=== Section Start ===

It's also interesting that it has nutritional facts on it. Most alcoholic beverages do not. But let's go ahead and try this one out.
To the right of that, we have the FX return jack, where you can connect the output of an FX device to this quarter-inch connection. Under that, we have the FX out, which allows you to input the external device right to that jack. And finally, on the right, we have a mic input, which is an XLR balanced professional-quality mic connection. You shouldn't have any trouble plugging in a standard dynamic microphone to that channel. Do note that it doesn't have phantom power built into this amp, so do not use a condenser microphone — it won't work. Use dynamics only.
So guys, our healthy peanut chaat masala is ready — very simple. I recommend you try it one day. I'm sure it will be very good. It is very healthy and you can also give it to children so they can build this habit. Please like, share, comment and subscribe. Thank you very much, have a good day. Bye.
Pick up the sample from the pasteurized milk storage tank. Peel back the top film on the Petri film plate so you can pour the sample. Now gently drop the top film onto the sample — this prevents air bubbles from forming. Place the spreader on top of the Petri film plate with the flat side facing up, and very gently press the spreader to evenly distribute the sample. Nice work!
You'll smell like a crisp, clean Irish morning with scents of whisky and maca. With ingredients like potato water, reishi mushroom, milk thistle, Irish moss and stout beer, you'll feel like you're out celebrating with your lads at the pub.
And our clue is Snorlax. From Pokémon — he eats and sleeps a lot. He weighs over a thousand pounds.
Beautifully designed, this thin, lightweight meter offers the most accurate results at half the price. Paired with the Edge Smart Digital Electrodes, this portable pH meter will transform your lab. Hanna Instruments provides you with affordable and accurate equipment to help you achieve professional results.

=== Section End ===
=== Section Start ===

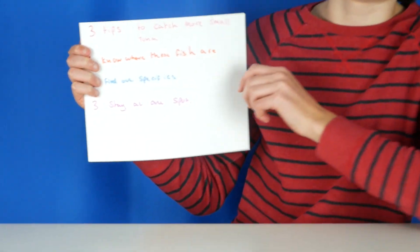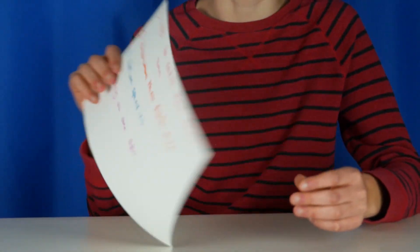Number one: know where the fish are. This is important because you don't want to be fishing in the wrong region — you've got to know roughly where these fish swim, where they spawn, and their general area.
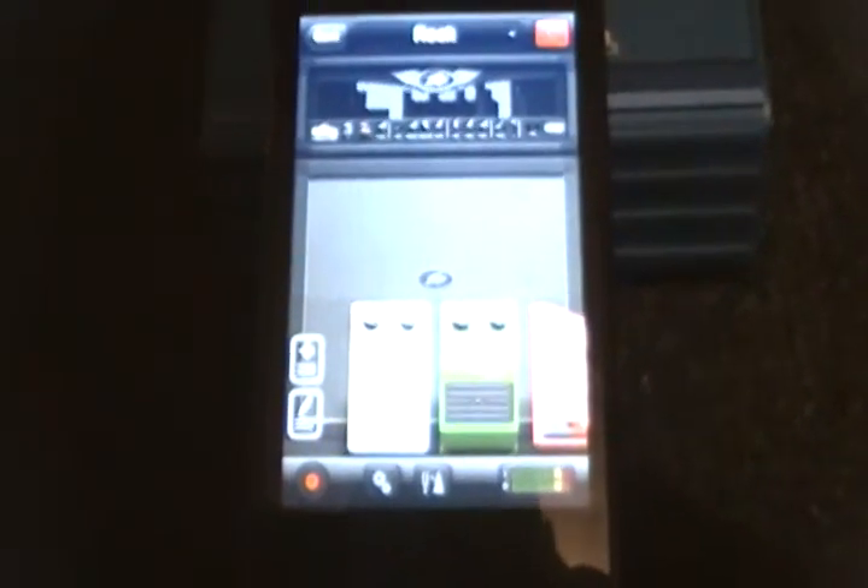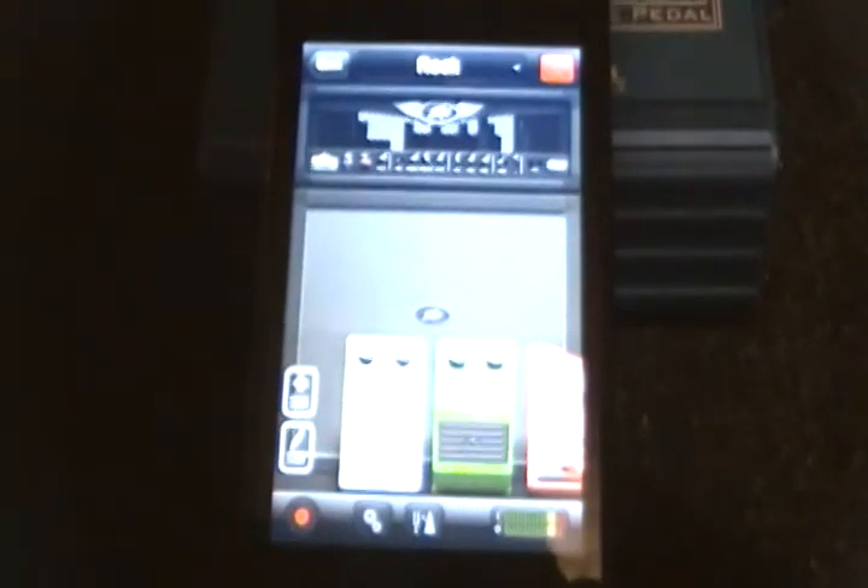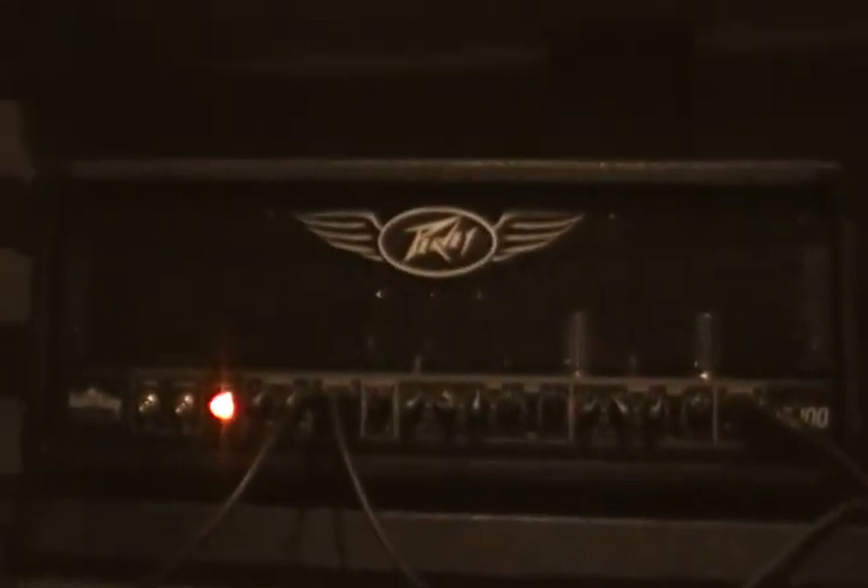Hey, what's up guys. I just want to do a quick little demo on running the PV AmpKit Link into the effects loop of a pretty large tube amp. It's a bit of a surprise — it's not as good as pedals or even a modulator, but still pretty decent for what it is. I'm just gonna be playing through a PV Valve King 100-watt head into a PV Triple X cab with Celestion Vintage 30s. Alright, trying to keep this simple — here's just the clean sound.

=== Section End ===

EXERCISE:
Copy out each line of the data that holds the string "your".

THE ANSWER:
You'll smell like a crisp, clean Irish morning with scents of whisky and maca. With ingredients like potato water, reishi mushroom, milk thistle, Irish moss and stout beer, you'll feel like you're out celebrating with your lads at the pub.
Beautifully designed, this thin, lightweight meter offers the most accurate results at half the price. Paired with the Edge Smart Digital Electrodes, this portable pH meter will transform your lab. Hanna Instruments provides you with affordable and accurate equipment to help you achieve professional results.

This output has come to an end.